A fast-growing pay-for-play network of more than 1,300 news websites that have stepped into communities all across the United States has filled a void left by vanishing local papers, the New York Times recently reported.
They resemble legitimate news websites and claim to provide objective news without political bias. However, Times said much of what they put out is paid for by partisan interests.
“The network, now in all 50 states, is built not on traditional journalism but on propaganda ordered up by dozens of conservative think tanks, political operatives, corporate executives and public relations professionals,” Times reported.
How does the pay-for-play network work?
When hotel magnate Monty Bennett’s business suffered a blow from the pandemic, he ordered up a few articles from the DC Business Daily that took a swipe at China and its supposed failure to contain the virus, according to Times.

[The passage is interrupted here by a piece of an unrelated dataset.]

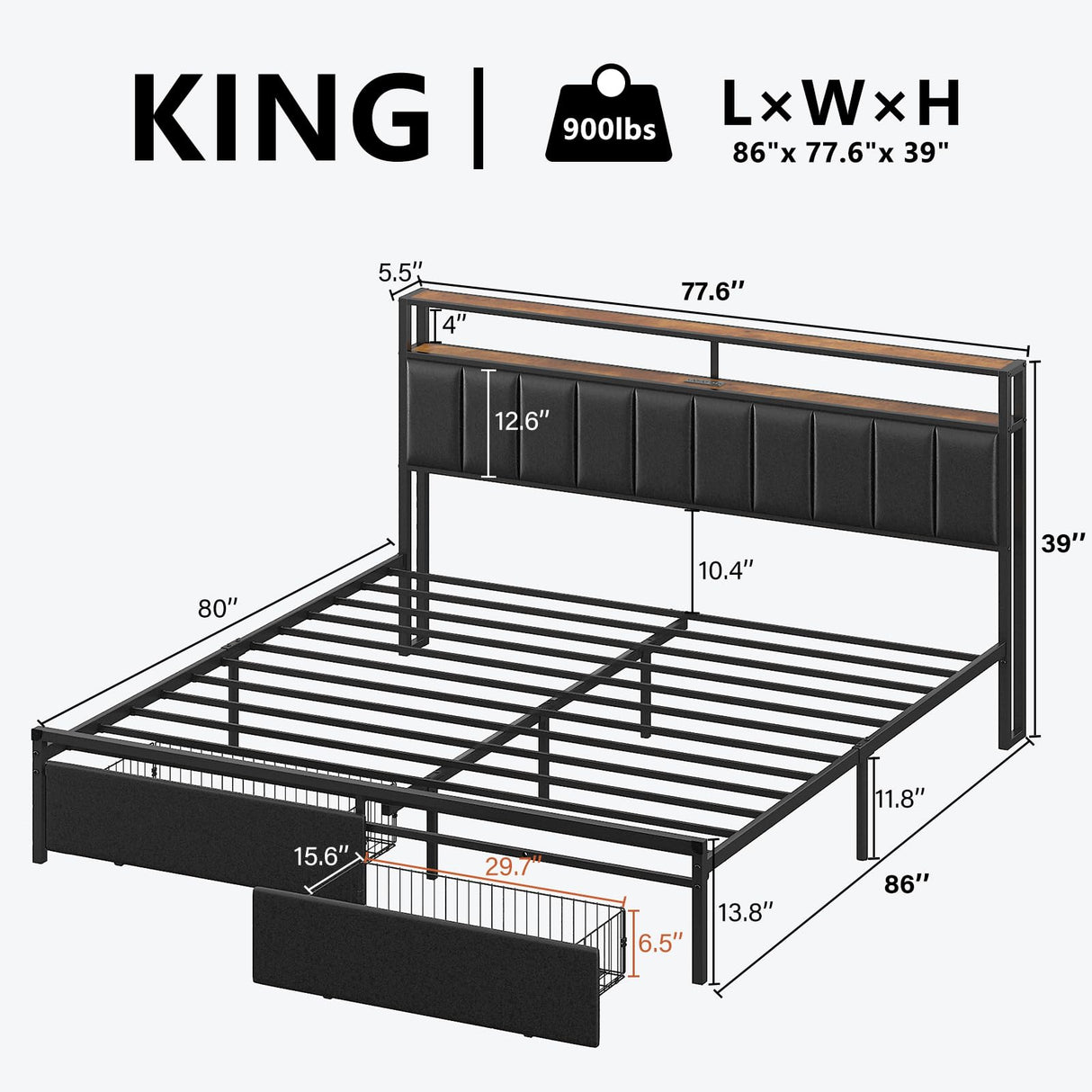 LUXOAK King Bed Frame with RGB LED Lights, 2 Drawers, and Charging Station in Black LUXOAK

The pitch resulted in an article that published his claims on DC Business Daily, which Times said appears to be a straightforward business and politics news outlet in Washington.
“A national hotel chain executive said he is fed up with the way the United States is dealing with China in the wake of the coronavirus pandemic,” the article stated. There was no disclosure that Mr. Bennett ordered the article.
The Ashford CEO, a major donor to President Donald Trump’s campaign, then ordered a few more articles that advocate for the federal government to pass a stimulus package favorable to the hotel industry.
Ashford has received about $70 million in federal loans intended for small businesses, Times reported, making the publicly-traded company the single largest recipient of such loans. After public backlash, however, Mr. Bennett returned the federal money.
Going against journalism’s basic principles
This kind of pay-for-play reporting goes against fairness and accuracy — among the basic tenets of journalism — but it is the model Times said created by Brian Timpone, a TV reporter turned internet entrepreneur who has sought to capitalize on the decline of local news organizations for nearly two decades.
What sets Timpone’s massive pay-for-play network ahead of other partisan-run news sites, is it is now twice as large as Gannett, the country’s largest newspaper chain, Times said.
Times said the fast-growing network resembles ordinary local-news outlets, with names such as Des Moines Sun, Empire State Today, and Ann Arbor Times. Just like any local newspaper, the platforms employ simple layouts and stories reporting local politics, community events, and even national issues.